#### Assigned task:
Would you copy the lines below exactly and omit the images?

:: Given data ::

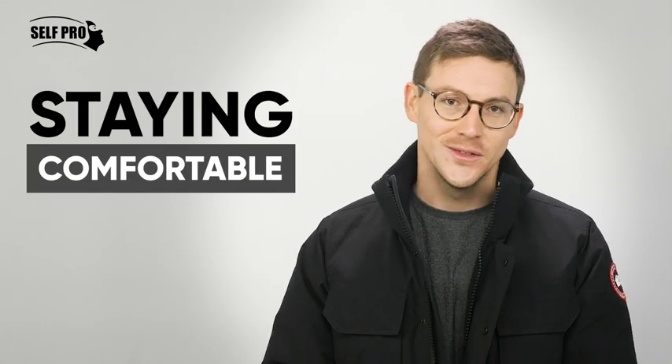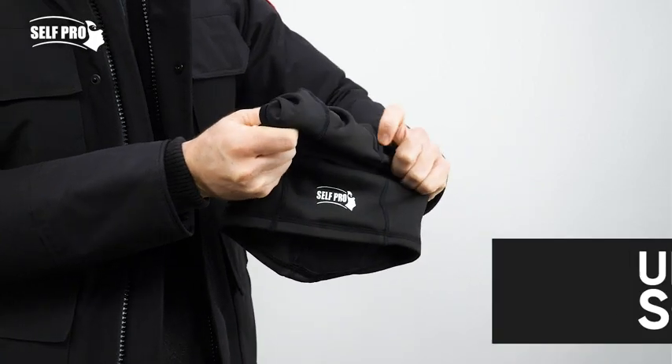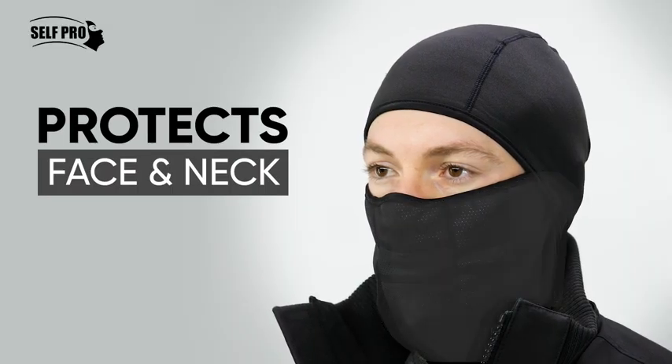Staying warm is one thing. Staying comfortable is another. Get the best of both worlds with SelfPro Polar Fleece Balaclava. The Balaclava's ultra-soft polar fleece protects the face and neck from the coldest conditions.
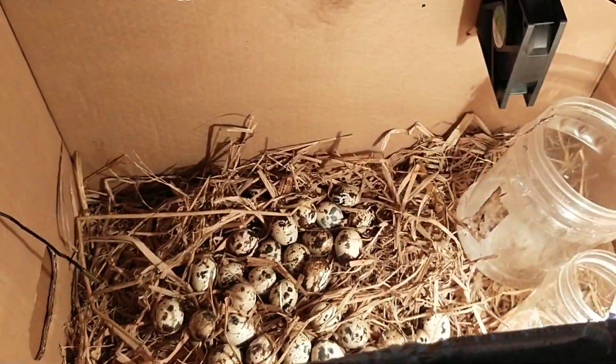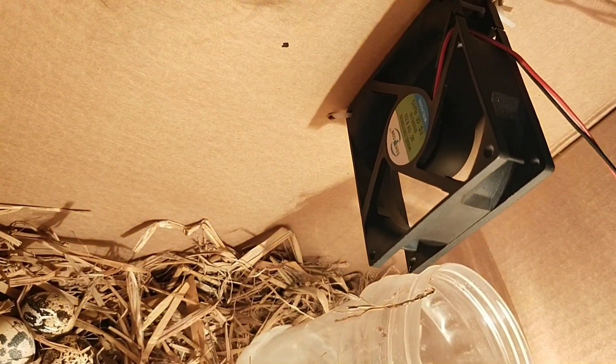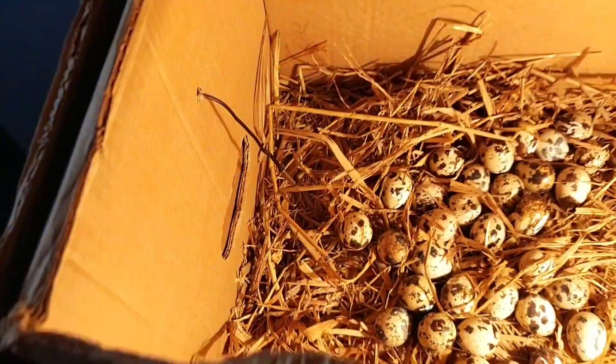Guys, this is the weather display here. This is the fan, bulb, and sensor.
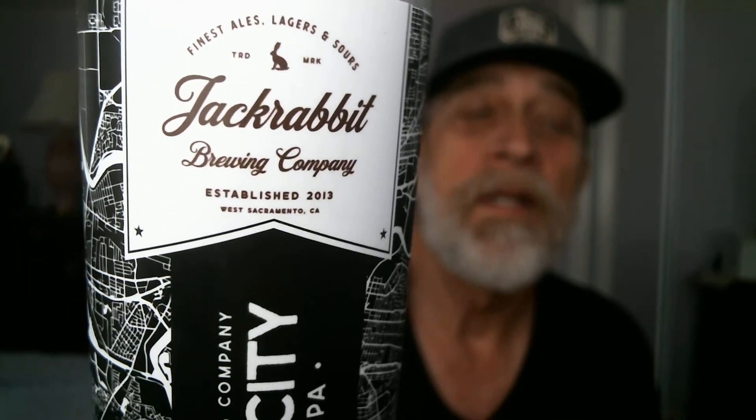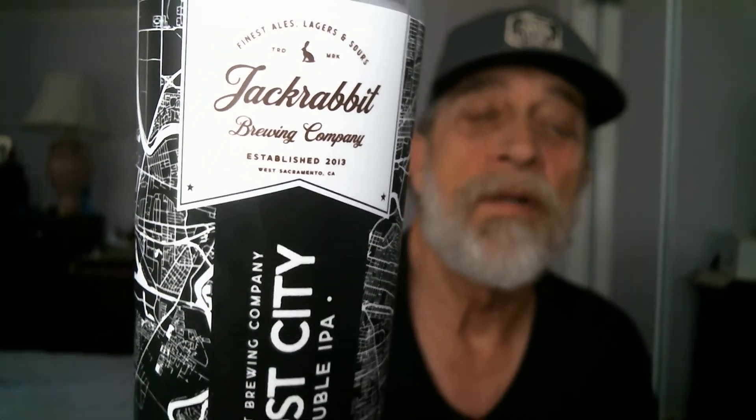We're doing Jackrabbit Brewing Company, established in 2013 — they're located in West Sacramento. We're doing Ghost City Double IPA. I call it a DIPA, though other people debate that term — no big deal, just my preference. They label it a Double IPA.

:::

#### Written answer:
Staying warm is one thing. Staying comfortable is another. Get the best of both worlds with SelfPro Polar Fleece Balaclava. The Balaclava's ultra-soft polar fleece protects the face and neck from the coldest conditions.
Guys, this is the weather display here. This is the fan, bulb, and sensor.
We're doing Jackrabbit Brewing Company, established in 2013 — they're located in West Sacramento. We're doing Ghost City Double IPA. I call it a DIPA, though other people debate that term — no big deal, just my preference. They label it a Double IPA.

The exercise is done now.